GIVEN RECORDS:
▽

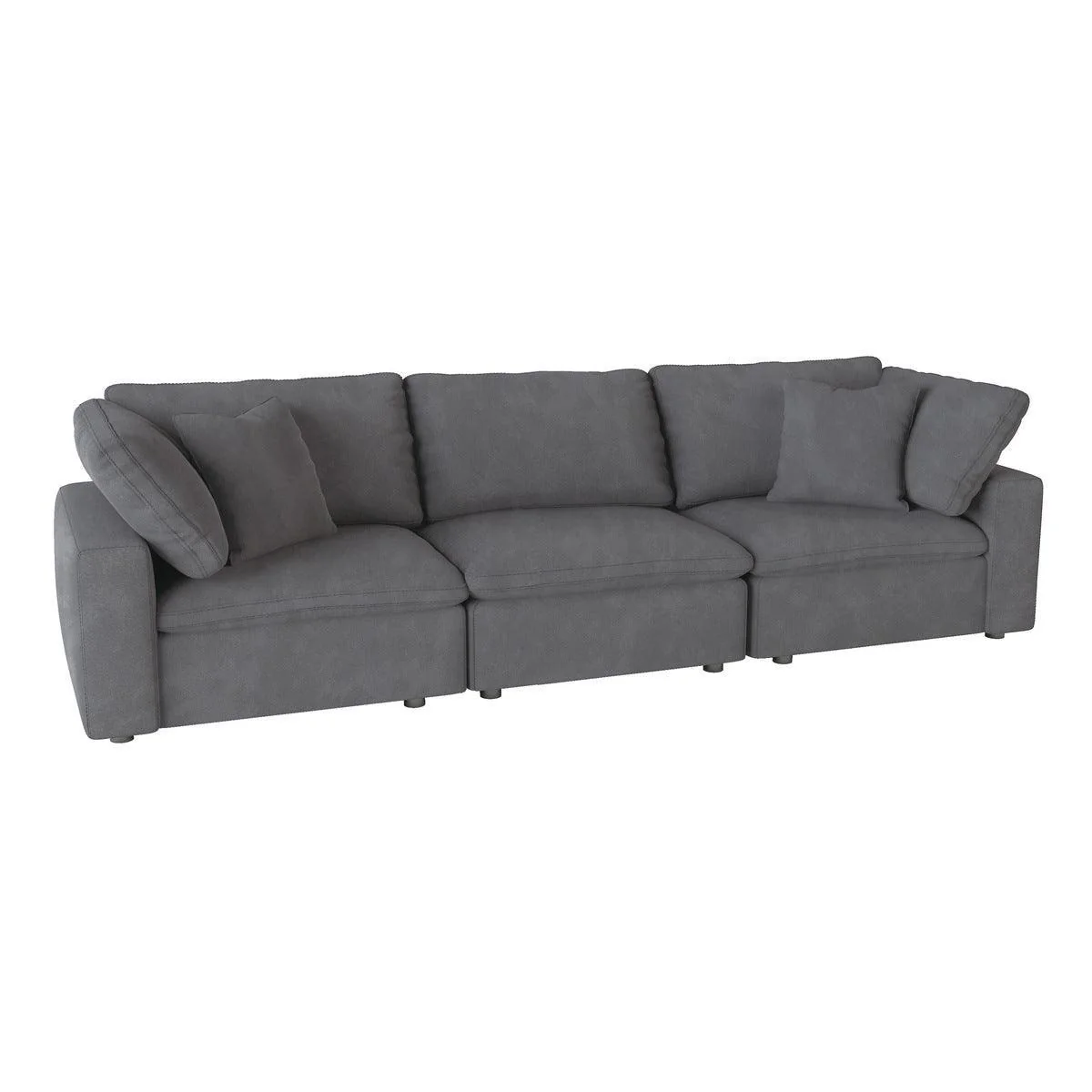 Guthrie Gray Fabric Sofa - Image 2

△
▽

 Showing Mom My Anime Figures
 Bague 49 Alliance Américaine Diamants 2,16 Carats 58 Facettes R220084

△

TASK ITEM: Copy out each line of the data above, exactly, if it lies between the line holding "Showing Mom My Anime Figures" and the line holding "Bague 49 Alliance", inclusive; copy no other line.

RESPONSE TO THIS EXERCISE:
 Showing Mom My Anime Figures
 Bague 49 Alliance Américaine Diamants 2,16 Carats 58 Facettes R220084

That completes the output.